I should like to make a few brief remarks about external factors. No matter how well the three Ministers do in the coming years unless we get the external environment right we will not make progress. It was astonishing that the Governor of the Central Bank said recently that we had the right external currency exchange rate up to a few months ago, when we were struggling desperately. Some of my colleagues have said privately that perhaps the Governor of the Central Bank should be sacked on the spot for that type of judgment. It is shocking that he should have felt in his economic judgment we should have maintained a totally artificial rate which would now put us at £1.10 or £1.15 in terms of sterling and at a decided competitive disadvantage. If there is a Single European currency that is fine but we should not be expected to pay for the unification of Germany or for whatever further developments that occur in Eastern Europe. It is critical that we get the exchange rate right. We need a serious response from the Governor of the Central Bank and not these silly mantras we heard when I became a Member of the House before Christmas.

In regard to the whole area of competition and the Single Market, some of us have serious reservations about the performance of the last two Irish Commissioners, namely, Mr. Sutherland, who has gone on to greater things in GATT, and Mr. MacSharry.
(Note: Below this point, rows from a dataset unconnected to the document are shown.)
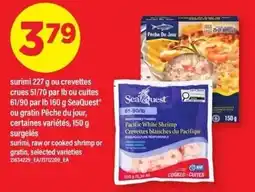 Maxi SeaQuest pacific white shrimp offer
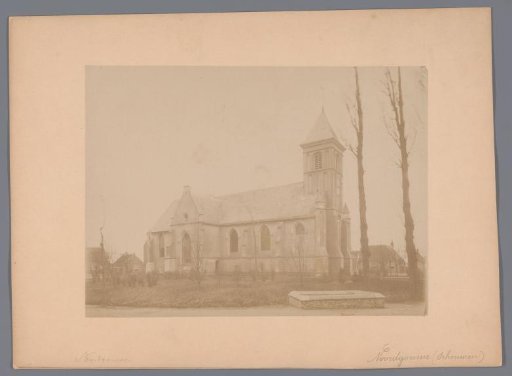 View of the Reformed Church at Noordgouwe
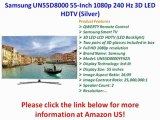 Samsung UN55D8000 55-Inch 1080p 240 Hz 3D LED HDTV (Silver) [2011 MODEL] For Sale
Perhaps with the best will in the world Mr. Sutherland pursued a vigorous competition strategy but in our small open economy — a peripheral economy — some of the things he worked for were mostly beneficial to the golden triangle but not to the State on the periphery. I hope the present Commissioner, and any future Commissioners, while they have their duties to Europe, will also look at their homeland and at its particular difficulties. Pressing ahead willy nilly with certain types of deregulation did not serve all the best interests of this country. I fault Mr. Sutherland very seriously in that regard; in relation to GATT, I fault Mr. MacSharry. Both of them did not pursue the real interests of this country at the Commission table. If the external factors are not right whatever we try to achieve in our internal re-organisation will not go far enough.
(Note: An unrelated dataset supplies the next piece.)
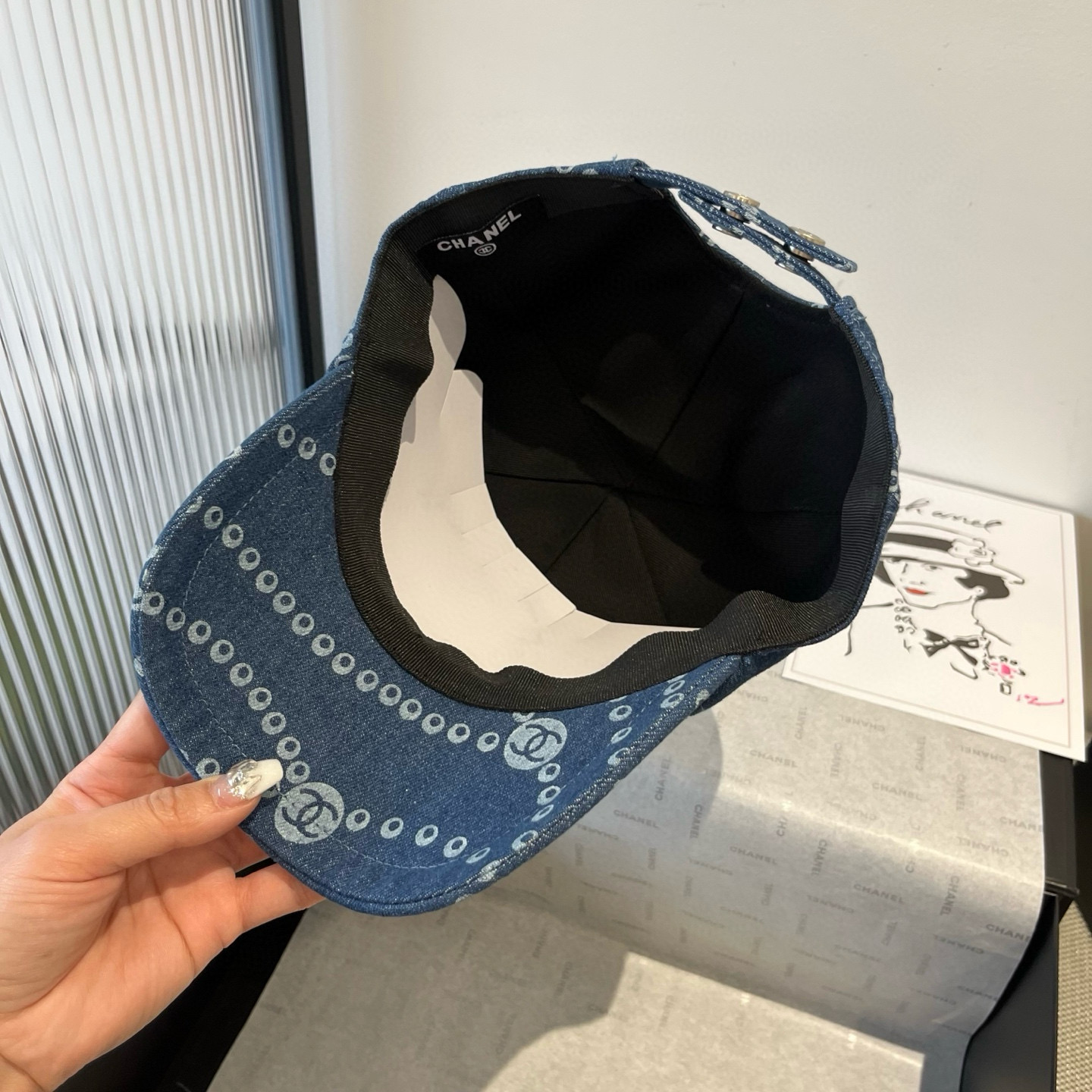 Chanel New Arrival Denim Baseball Cap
I was heartened by the Taoiseach's words in Copenhagen on Monday last in relation to the size of the Structural Funds. While this House is meeting this afternoon, the other assembly of which I am proud to be a member — Dublin City Council — is also meeting and is receiving its report on the economy of Dublin. In that other assembly we are very concerned that Dublin, which has lost 16,000 jobs in the past ten years, has the highest unemployment rate in Ireland. It is a region which has been gravely discriminated against. If Dublin is doing badly, Ireland must be doing badly. That judgment could be applied to other contemporary discussions as well.

The programmes being submitted by the four new county councils to Government are of the order of £2.5 billion. Infrastructural development in relation to transport, communications, education and local development is vital for this region. We have huge unemployment blackspots in Dublin. Unfortunately, we do not have the quality of life which many areas of the west, the midlands and other areas experience. We do not have that beautiful scenery, the music, the language——

There is plenty of bog.

(Laoighis-Offaly): And plenty of floods.

We just do not have those things. We live in crowded conglomerations and very often many of us are unemployed. I represent an area in which the mean unemployment rate is about 55 per cent, rising to 90 per cent in some places. This Government will succeed if it tackles the unemployment problem. I realise there are other areas throughout the country which need good regional development. I note the comments made this morning in relation to SFADCo and Údarás na Gaeltachta and I support them, but we must not forget our capital city. That is what my colleagues in Dublin City Council would want. We must have a reinvigoration programme for the capital city during the next couple of years and I am confident the Minister and her colleagues will bring that about.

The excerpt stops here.